_Problem description_: Leaving out all pictures, restate word for word the lines from the one with "Small Details, Big" through the last line of the entries.

_Exercise data_:
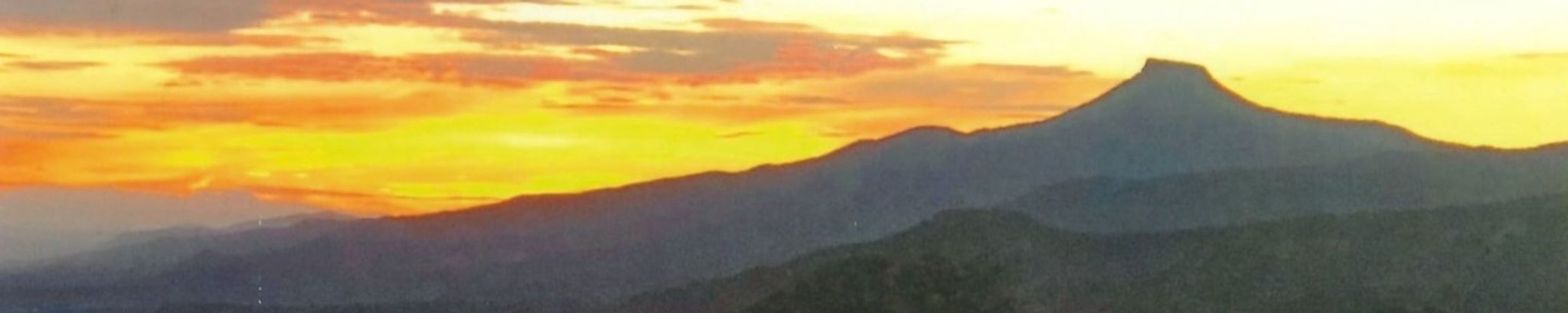 Cover photo for Richmond (Bart) Lewis's Obituary
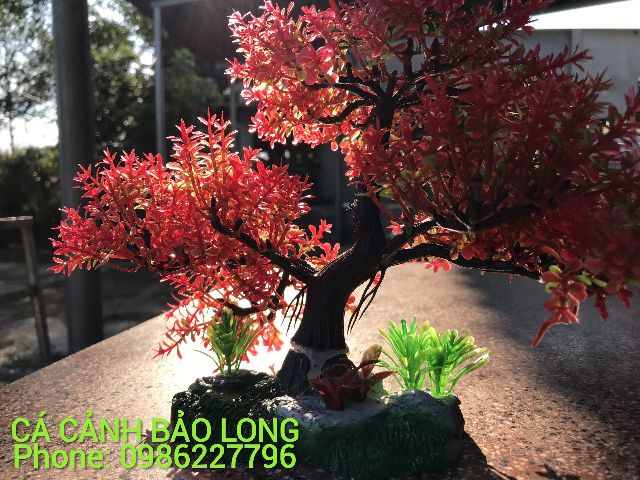 Cây bonsai nhựa trang trí bể cá ( Cá cảnh Bảo Long)
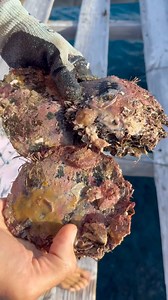 How to correctly harvest a pearl 101 | Kamoka Pearls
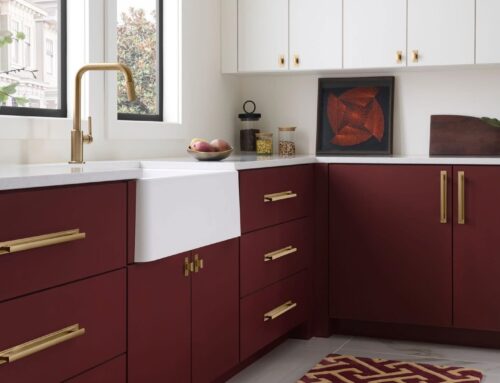 Small Details, Big Impact: Upgrade Your Cabinets with the Zander Collection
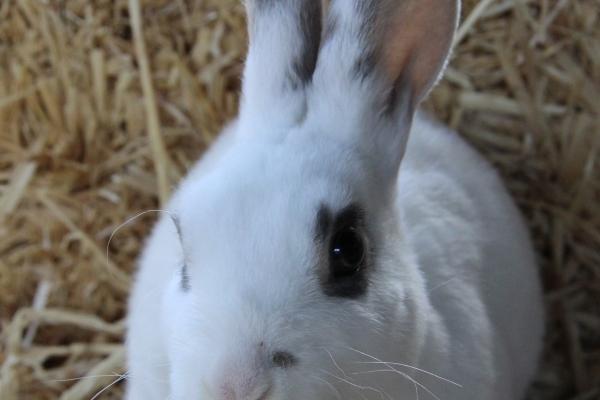 2023年6月9日财神在哪个方位 求财的方向一览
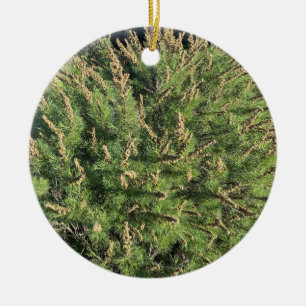 A Blooming California: Sagebrush Ceramic Tree Decoration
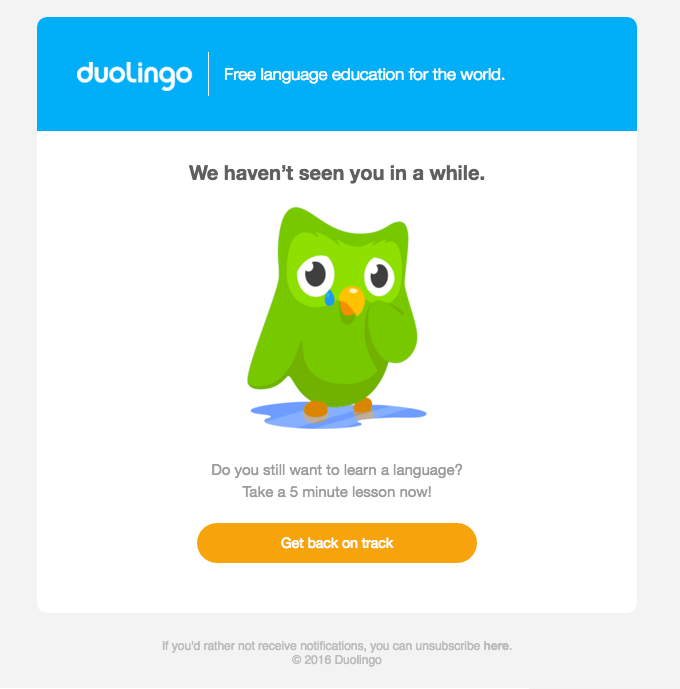 Duolingo sad owl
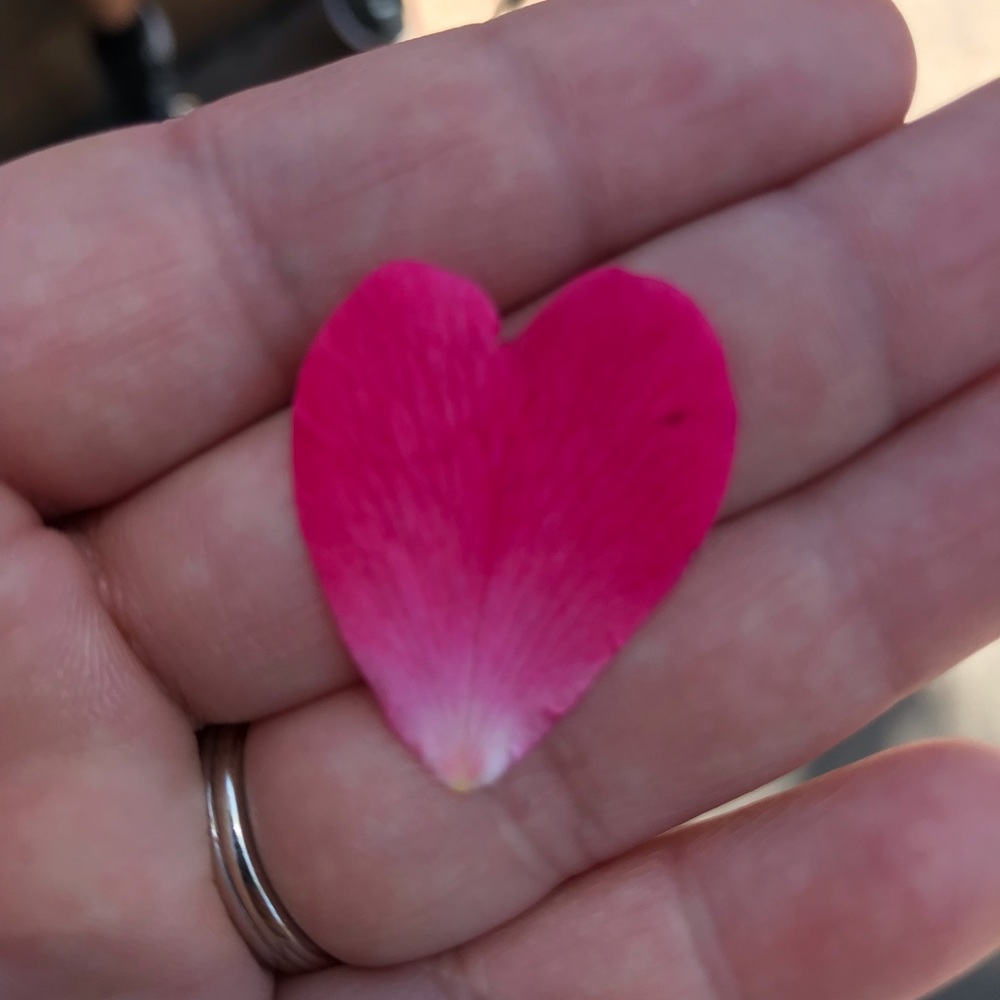 Meet your Posher, Rocio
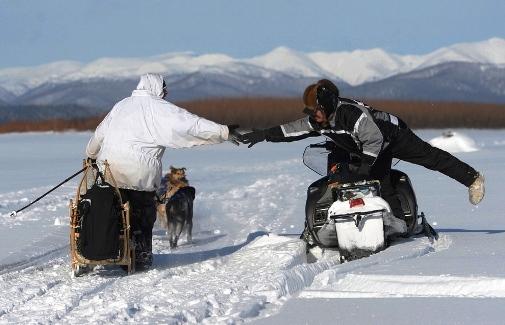 634994779164951165 Trải nghiệm giải đua chó   Iditarod Trail Sled Dog Race ở Nome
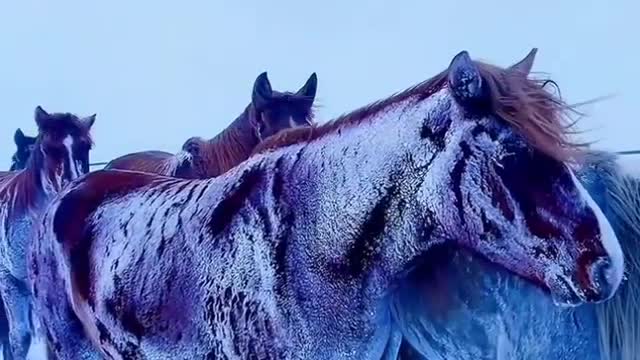 How animal live in snow
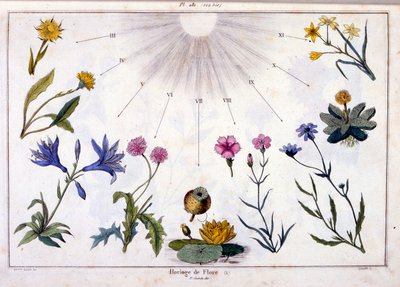 Illustrazione botanica di F. E. Guerin. Da Dictionnaire pittoresque d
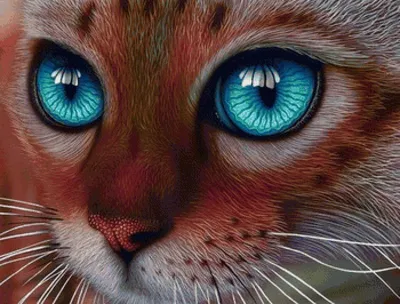 Морда британского кота с большими глазами. Устрашенное животное Стоковое  Изображение - изображение насчитывающей здорово, прелестное: 193054951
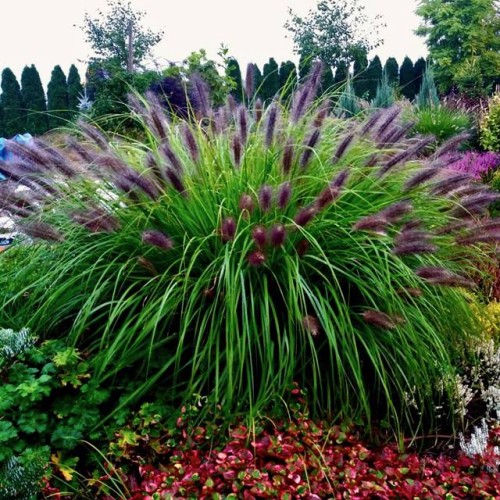 Pennisetum alopec. 'Black Beauty.jpg
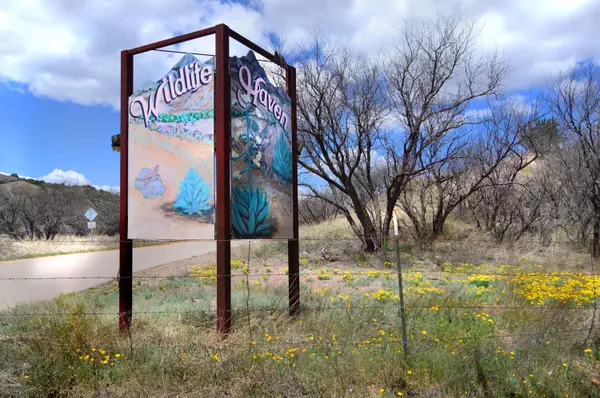 Patagonia, AZ 85624,Tanglehead Lane #LOT 20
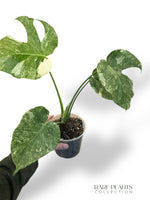 Monstera Platinum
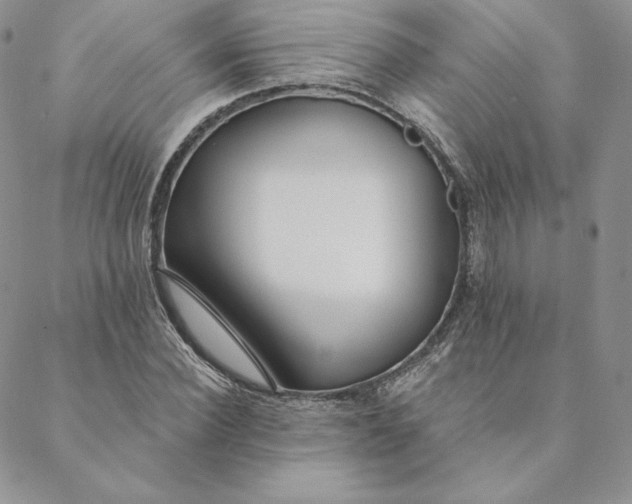 X0000088610924200706081430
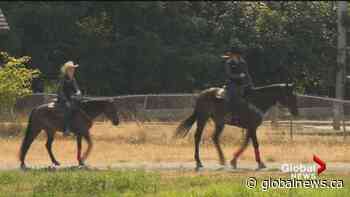 New details about the professional rodeo coming to Langley in September - Global News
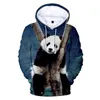 Męskie bluzy bluzy Pełna druk panda mężczyźni kobiety pullovers hip hop streetwear jesienne dzieci dzieci swobodne chłopcy dziewczęta dressmen's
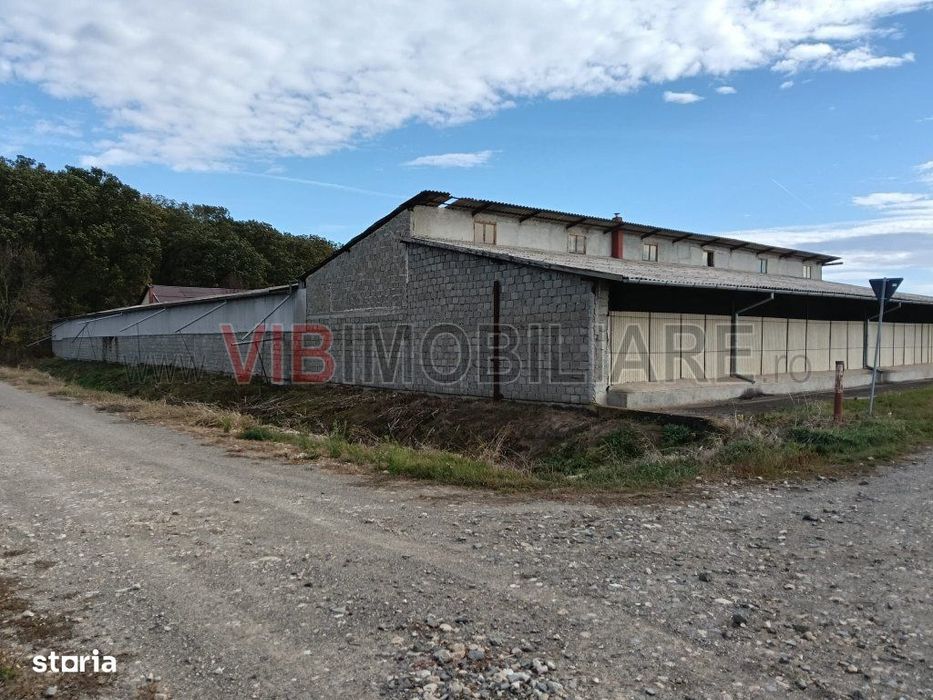 Ferma Agricolă 1.350 Hectare – Grad de Comasare 96–97%, Chișineu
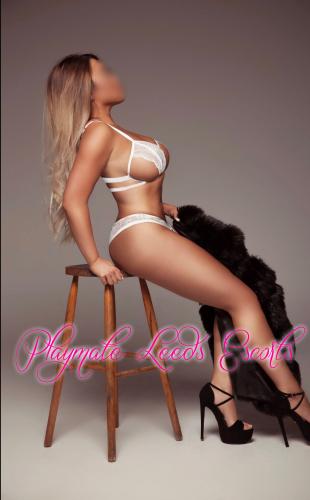 LeedsPlaymate's tweet photo. Book #Gabriella #Pocket #Rocket #sexy #Hot #Nubile #LeedsEscort from #EliteLeedsEscortAgency #Playmate @LeedsPlaymate (Playmate Leeds Escorts) for #dinnerdate #NightOut #Friendship #Leeds #OutcallLeedsEscorts. Know More at: https://t.co/6yNl1VOtJY. https://t.co/ayQNjSTt0q
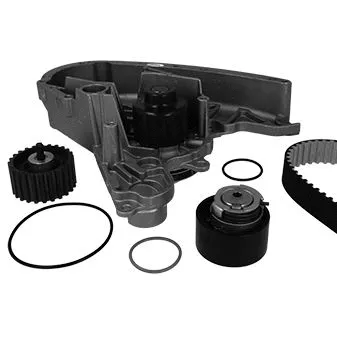 Water Pump & Timing Belt Kit (30-0900-1)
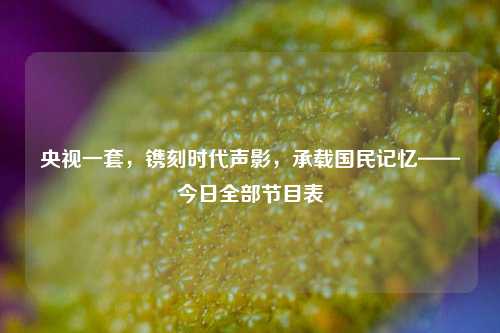 央视一套，镌刻时代声影，承载国民记忆——今日全部节目表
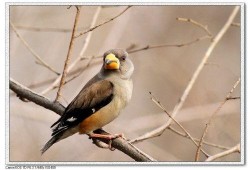 鸟嘴瓜怎么吃最好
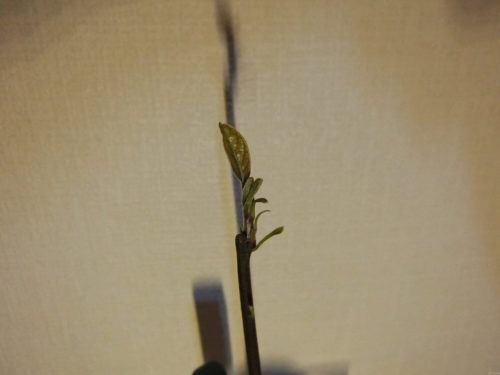 【アボカド栽培記録】190328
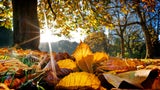 Bauernregel November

_Result of the task_:
 Small Details, Big Impact: Upgrade Your Cabinets with the Zander Collection
 2023年6月9日财神在哪个方位 求财的方向一览
 A Blooming California: Sagebrush Ceramic Tree Decoration
 Duolingo sad owl
 Meet your Posher, Rocio
 634994779164951165 Trải nghiệm giải đua chó   Iditarod Trail Sled Dog Race ở Nome
 How animal live in snow
 Illustrazione botanica di F. E. Guerin. Da Dictionnaire pittoresque d
 Морда британского кота с большими глазами. Устрашенное животное Стоковое  Изображение - изображение насчитывающей здорово, прелестное: 193054951
 Pennisetum alopec. 'Black Beauty.jpg
 Patagonia, AZ 85624,Tanglehead Lane #LOT 20
 Monstera Platinum
 X0000088610924200706081430
 New details about the professional rodeo coming to Langley in September - Global News
 Męskie bluzy bluzy Pełna druk panda mężczyźni kobiety pullovers hip hop streetwear jesienne dzieci dzieci swobodne chłopcy dziewczęta dressmen's
 Ferma Agricolă 1.350 Hectare – Grad de Comasare 96–97%, Chișineu
 LeedsPlaymate's tweet photo. Book #Gabriella #Pocket #Rocket #sexy #Hot #Nubile #LeedsEscort from #EliteLeedsEscortAgency #Playmate @LeedsPlaymate (Playmate Leeds Escorts) for #dinnerdate #NightOut #Friendship #Leeds #OutcallLeedsEscorts. Know More at: https://t.co/6yNl1VOtJY. https://t.co/ayQNjSTt0q
 Water Pump & Timing Belt Kit (30-0900-1)
 央视一套，镌刻时代声影，承载国民记忆——今日全部节目表
 鸟嘴瓜怎么吃最好
 【アボカド栽培記録】190328
 Bauernregel November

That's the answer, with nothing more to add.